Anxiety is an evil, mean-spirited foe. I mean real anxiety and not just the butterflies in the tummy kind of nerves. You might think you are just looking at a lazy kid who doesn’t want to try. Maybe you are. But maybe you don’t know. Sorry to the other softball moms who might have thought Lauren wasn’t into the game. Believe me, she was into it. And the game was into her; it was slowly bringing her to life. But watching her struggle and not commit to a swing was frustrating. In her first season of ball, I (am almost ashamed to say that I) never told her to do her best. I knew that with her stature and strength, she could slam the ball if she did her best. With those long legs, she could run those bases like lightning. But I knew that the first season needed to be about having fun. The way for Lauren to squash anxiety isn’t to push her beyond herself, but instead to just watch her enjoy the game. Lauren doesn’t want to look like a novice, but even more than that, she doesn’t want to look like a big failure. It’s skewed logic, but to someone with anxiety issues, to try big and fail, is big failing. To barely try and fail, is barely failing. And barely failing was all Lauren could afford when she started. And that’s why I said to Marcey so many times “well at least the girls are having fun!’

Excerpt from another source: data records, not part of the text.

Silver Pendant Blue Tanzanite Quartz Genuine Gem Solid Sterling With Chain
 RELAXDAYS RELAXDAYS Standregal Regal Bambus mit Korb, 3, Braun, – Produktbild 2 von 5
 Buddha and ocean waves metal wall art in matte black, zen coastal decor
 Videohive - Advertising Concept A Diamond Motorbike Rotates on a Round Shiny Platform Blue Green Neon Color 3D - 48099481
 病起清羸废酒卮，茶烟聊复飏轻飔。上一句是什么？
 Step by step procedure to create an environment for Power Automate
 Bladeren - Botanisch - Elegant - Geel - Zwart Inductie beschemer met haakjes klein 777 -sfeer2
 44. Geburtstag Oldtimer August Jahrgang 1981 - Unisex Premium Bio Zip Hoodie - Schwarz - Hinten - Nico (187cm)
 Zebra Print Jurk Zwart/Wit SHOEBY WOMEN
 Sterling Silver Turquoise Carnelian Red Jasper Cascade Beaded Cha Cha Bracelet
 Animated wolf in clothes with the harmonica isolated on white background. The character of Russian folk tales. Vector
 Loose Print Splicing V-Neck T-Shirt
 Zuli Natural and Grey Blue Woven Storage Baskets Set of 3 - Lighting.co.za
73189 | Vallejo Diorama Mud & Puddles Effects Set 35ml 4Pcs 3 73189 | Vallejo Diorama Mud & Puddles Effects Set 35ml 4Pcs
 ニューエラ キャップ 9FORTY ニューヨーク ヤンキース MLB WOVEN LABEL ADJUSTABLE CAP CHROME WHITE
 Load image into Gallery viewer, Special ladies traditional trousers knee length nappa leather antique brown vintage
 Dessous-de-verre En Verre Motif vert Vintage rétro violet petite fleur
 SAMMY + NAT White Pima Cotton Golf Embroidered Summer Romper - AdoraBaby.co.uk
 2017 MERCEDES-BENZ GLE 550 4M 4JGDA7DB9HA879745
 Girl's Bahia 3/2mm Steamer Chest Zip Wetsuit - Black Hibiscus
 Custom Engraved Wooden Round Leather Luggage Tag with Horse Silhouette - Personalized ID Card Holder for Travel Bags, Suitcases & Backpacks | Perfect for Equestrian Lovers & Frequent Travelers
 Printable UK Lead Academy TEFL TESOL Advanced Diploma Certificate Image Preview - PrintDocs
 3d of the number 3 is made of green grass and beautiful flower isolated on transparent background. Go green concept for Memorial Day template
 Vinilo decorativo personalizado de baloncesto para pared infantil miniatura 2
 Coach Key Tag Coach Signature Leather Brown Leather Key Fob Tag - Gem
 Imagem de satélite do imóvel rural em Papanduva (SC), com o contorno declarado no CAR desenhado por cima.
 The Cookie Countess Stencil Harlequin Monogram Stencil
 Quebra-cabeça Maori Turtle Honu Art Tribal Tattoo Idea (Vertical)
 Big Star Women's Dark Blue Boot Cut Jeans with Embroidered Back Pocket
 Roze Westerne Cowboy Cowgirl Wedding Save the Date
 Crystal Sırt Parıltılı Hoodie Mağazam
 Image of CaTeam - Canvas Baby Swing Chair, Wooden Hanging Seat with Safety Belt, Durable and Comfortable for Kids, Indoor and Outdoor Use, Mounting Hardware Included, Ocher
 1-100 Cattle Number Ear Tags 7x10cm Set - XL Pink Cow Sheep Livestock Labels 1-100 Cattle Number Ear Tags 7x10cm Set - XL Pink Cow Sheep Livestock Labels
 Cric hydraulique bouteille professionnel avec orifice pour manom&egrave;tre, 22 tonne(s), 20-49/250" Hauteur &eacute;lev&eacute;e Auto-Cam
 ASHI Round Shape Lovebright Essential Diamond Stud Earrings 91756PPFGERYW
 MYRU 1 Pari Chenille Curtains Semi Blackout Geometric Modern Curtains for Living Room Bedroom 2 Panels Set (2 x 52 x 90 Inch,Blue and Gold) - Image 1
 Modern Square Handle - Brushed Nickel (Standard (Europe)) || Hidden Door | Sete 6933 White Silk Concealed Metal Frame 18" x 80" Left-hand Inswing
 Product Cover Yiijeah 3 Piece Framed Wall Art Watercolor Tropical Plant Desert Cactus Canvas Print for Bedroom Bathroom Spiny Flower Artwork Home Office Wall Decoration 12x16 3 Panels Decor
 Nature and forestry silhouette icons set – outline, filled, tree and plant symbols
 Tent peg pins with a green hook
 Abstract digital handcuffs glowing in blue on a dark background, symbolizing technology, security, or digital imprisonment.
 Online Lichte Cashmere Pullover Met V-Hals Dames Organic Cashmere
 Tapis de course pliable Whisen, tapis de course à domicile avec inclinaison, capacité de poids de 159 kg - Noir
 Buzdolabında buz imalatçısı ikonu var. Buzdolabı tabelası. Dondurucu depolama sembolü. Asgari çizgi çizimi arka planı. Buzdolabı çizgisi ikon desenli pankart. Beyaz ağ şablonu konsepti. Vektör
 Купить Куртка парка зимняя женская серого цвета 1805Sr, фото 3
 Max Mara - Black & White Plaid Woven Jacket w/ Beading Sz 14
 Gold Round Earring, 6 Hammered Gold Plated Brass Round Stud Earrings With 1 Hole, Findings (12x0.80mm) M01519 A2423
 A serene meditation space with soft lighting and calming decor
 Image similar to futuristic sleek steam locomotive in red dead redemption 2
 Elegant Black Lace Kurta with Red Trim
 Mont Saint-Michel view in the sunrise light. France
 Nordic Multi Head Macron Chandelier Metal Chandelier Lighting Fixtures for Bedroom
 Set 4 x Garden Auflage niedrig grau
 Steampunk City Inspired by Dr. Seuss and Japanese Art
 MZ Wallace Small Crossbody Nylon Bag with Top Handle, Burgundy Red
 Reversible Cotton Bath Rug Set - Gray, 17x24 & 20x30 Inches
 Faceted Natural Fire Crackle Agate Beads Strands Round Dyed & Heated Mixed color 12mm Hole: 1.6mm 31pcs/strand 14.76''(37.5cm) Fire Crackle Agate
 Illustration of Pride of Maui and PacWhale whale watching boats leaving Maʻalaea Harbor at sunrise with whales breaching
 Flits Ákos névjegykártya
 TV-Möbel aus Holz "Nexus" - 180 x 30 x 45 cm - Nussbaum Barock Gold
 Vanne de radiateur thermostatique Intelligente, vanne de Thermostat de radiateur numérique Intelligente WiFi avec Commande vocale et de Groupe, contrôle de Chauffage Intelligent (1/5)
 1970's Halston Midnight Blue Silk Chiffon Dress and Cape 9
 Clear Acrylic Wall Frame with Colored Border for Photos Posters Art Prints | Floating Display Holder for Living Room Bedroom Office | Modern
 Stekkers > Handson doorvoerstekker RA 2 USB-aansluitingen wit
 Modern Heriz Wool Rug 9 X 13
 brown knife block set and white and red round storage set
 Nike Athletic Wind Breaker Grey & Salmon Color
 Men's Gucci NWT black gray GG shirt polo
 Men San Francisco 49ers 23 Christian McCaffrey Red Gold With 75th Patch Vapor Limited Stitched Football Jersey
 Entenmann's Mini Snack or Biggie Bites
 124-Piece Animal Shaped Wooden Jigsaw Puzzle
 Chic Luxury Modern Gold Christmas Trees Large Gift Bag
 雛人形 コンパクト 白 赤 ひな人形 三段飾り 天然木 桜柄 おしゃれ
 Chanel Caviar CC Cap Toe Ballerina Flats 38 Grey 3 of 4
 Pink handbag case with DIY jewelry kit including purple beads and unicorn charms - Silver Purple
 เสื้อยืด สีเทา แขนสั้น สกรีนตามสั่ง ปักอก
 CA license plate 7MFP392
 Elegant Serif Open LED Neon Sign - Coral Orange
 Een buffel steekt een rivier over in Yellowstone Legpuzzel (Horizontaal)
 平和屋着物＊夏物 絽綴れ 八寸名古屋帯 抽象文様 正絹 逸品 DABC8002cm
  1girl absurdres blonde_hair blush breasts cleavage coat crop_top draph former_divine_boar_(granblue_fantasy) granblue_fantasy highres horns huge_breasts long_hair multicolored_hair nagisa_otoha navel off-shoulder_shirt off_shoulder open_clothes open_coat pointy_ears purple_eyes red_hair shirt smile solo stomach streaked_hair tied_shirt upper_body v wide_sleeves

Lauren would swing the bat like she was afraid of hurting the ball’s feelings. She would watch good pitch after good pitch zip past her. She had a great ready-position, but didn’t have any hustle. The only ways she could get on base was with 4 balls and a walk. But the longer she listened to Coach Van, and the more she let him help her, her confidence grew and she figured that if everyone else can steal second base, maybe she could too. And if she could accidentally hit a pitch into the infield, maybe she could hit one to the outfield on purpose. And she became one of the loudest ones screaming chants in the dugout, and she had teammates over to spend the night. And eventually she felt like she belonged on that team.
She played on the post-season AllStar team, then when fall season started, you would have never known that 6 months earlier, Nailer didn’t know you ran the bases counter clockwise. At the first fall season game, another mom asked me “what happened to Lauren?” She had stopped second guessing herself and she was ready to play.
So we just finished her second Spring season and My Lovely scored a home run. Like on purpose! She brought in 2 runners, and was upset that it wasn’t a grand slam. And tonight she plays the first game in the AllStar tournament. Anxiety tried to make a comeback yesterday when she freaked out over not having a softball belt to match her uniform. But it’s all good now. She will have her belt and bat-tape and size 10 cleats. Seriously, she is 10 years old in size 10 shoes! And I will make sure to tell her to do her best tonight. But at this point, I don’t even need to. Doing her best is fun for her now.